=== Begin Enclosure ===
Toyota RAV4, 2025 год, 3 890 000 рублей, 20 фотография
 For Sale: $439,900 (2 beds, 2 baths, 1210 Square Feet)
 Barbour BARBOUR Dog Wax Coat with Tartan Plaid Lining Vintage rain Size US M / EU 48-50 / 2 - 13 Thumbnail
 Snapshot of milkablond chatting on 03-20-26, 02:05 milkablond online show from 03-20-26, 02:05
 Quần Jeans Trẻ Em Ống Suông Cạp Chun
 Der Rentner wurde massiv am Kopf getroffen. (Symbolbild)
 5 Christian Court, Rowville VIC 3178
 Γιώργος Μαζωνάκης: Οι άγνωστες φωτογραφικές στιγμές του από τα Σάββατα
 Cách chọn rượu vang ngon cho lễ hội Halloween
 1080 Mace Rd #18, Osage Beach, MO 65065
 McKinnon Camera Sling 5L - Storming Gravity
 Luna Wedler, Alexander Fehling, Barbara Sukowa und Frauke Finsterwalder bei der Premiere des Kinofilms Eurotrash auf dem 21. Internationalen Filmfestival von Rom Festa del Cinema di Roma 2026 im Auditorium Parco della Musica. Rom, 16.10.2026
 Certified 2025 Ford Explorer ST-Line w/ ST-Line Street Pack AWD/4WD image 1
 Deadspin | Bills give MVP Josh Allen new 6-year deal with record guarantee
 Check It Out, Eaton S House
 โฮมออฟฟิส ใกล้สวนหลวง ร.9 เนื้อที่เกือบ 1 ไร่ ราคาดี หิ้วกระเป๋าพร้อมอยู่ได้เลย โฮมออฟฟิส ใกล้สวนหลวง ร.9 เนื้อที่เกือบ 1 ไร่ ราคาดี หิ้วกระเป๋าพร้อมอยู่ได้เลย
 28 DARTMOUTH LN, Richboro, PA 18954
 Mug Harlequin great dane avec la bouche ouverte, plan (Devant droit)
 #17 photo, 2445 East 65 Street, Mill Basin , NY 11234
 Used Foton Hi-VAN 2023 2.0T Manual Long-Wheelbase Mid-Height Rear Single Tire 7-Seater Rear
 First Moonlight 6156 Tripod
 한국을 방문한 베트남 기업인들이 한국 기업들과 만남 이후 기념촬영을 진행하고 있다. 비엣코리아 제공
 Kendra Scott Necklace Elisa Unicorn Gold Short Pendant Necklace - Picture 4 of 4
=== End Enclosure ===
#### WHAT THE EXERCISE ASKS
Your reply needs to reproduce all of the listing exactly.

#### EXERCISE OUTPUT
Toyota RAV4, 2025 год, 3 890 000 рублей, 20 фотография
 For Sale: $439,900 (2 beds, 2 baths, 1210 Square Feet)
 Barbour BARBOUR Dog Wax Coat with Tartan Plaid Lining Vintage rain Size US M / EU 48-50 / 2 - 13 Thumbnail
 Snapshot of milkablond chatting on 03-20-26, 02:05 milkablond online show from 03-20-26, 02:05
 Quần Jeans Trẻ Em Ống Suông Cạp Chun
 Der Rentner wurde massiv am Kopf getroffen. (Symbolbild)
 5 Christian Court, Rowville VIC 3178
 Γιώργος Μαζωνάκης: Οι άγνωστες φωτογραφικές στιγμές του από τα Σάββατα
 Cách chọn rượu vang ngon cho lễ hội Halloween
 1080 Mace Rd #18, Osage Beach, MO 65065
 McKinnon Camera Sling 5L - Storming Gravity
 Luna Wedler, Alexander Fehling, Barbara Sukowa und Frauke Finsterwalder bei der Premiere des Kinofilms Eurotrash auf dem 21. Internationalen Filmfestival von Rom Festa del Cinema di Roma 2026 im Auditorium Parco della Musica. Rom, 16.10.2026
 Certified 2025 Ford Explorer ST-Line w/ ST-Line Street Pack AWD/4WD image 1
 Deadspin | Bills give MVP Josh Allen new 6-year deal with record guarantee
 Check It Out, Eaton S House
 โฮมออฟฟิส ใกล้สวนหลวง ร.9 เนื้อที่เกือบ 1 ไร่ ราคาดี หิ้วกระเป๋าพร้อมอยู่ได้เลย โฮมออฟฟิส ใกล้สวนหลวง ร.9 เนื้อที่เกือบ 1 ไร่ ราคาดี หิ้วกระเป๋าพร้อมอยู่ได้เลย
 28 DARTMOUTH LN, Richboro, PA 18954
 Mug Harlequin great dane avec la bouche ouverte, plan (Devant droit)
 #17 photo, 2445 East 65 Street, Mill Basin , NY 11234
 Used Foton Hi-VAN 2023 2.0T Manual Long-Wheelbase Mid-Height Rear Single Tire 7-Seater Rear
 First Moonlight 6156 Tripod
 한국을 방문한 베트남 기업인들이 한국 기업들과 만남 이후 기념촬영을 진행하고 있다. 비엣코리아 제공
 Kendra Scott Necklace Elisa Unicorn Gold Short Pendant Necklace - Picture 4 of 4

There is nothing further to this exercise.